[ofw] patch: Fix a race in the cl_timer code that caused deadlocks in opensm

Tue Jun 22 09:03:56 PDT 2010

Hi Sean,

The patch that I have proposed was meant to be relatively simple and also not to require changes to the code of the calling entities.
The main problem with the current implementation is that it is using windows timers => more than one thread can be used. This is good for performance bad makes the code more complex. Opensm is also calling start_timer from the callback (I did not want to change that). In the current implementation the start also calls stop which is where the problem starts.

Moving to a single thread callback can probably make our lives simpler (see the Linux implementation of the cl_timer).
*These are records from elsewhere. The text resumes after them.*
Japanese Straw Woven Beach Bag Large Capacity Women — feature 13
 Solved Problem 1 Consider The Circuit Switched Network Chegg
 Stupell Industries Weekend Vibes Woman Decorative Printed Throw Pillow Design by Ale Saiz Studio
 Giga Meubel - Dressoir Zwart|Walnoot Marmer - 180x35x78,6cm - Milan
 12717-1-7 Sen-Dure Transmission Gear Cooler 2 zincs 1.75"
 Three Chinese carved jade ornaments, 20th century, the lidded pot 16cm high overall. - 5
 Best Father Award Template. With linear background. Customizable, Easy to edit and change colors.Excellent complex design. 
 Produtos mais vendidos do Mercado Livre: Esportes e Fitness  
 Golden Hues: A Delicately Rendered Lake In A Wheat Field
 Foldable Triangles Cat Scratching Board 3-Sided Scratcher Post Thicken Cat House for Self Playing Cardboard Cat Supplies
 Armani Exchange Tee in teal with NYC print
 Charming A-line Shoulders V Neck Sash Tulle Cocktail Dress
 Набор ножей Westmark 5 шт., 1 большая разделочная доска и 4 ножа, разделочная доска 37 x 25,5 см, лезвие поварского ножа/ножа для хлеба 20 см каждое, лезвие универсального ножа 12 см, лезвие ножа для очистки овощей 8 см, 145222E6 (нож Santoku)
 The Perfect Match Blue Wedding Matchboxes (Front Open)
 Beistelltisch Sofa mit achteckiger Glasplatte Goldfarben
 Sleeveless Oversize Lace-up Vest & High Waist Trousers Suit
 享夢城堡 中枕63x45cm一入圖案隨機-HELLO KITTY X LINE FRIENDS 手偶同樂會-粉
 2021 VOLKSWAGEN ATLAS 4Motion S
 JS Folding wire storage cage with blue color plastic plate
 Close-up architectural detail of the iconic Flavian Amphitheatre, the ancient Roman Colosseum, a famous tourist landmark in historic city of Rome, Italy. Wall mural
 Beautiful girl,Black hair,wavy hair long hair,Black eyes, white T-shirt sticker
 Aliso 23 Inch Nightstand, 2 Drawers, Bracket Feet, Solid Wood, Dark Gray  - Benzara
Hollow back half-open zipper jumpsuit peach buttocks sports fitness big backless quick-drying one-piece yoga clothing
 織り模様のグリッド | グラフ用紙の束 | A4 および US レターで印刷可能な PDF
Again, I wanted to make the change simpler.

See also bellow.

Thanks
Tzachi

> -----Original Message-----
> From: Hefty, Sean [mailto:sean.hefty at intel.com]
> Sent: Tuesday, June 22, 2010 6:45 PM
> To: Tzachi Dar; ofw at lists.openfabrics.org
> Cc: Yevgeny Kliteynik
> Subject: RE: [ofw] patch: Fix a race in the cl_timer code that caused
> deadlocks in opensm
> 
> > This should promise that if a callback is running, p_timer->thread_id
> will
> > have the thread_id of the running thread.
> >
> > This field is later used when cl_timer_stop() is being called in
> order to
> > prevent deadlocks. (please note that cl_timer_stop() is being called
> from
> > cl_timer_start(). Please also note that the deadlock happens if the
> caller
> > of cl_stop() is actually executing in the context of the call back
> itself).
> 
> I was just looking at the cl_timer code yesterday for this exact same
> reason.  Good catch.
> 
> Maybe this should be rethought entirely and simply not allow certain
> timer manipulation from the callback, or require the caller to provide
> the synchronization.  The callback can return a value to indicate if
> the timer should stop.
> 
This changes require changes to opensm, that I didn't want to do.
> Also, are we sure that the kernel doesn't have the same problem?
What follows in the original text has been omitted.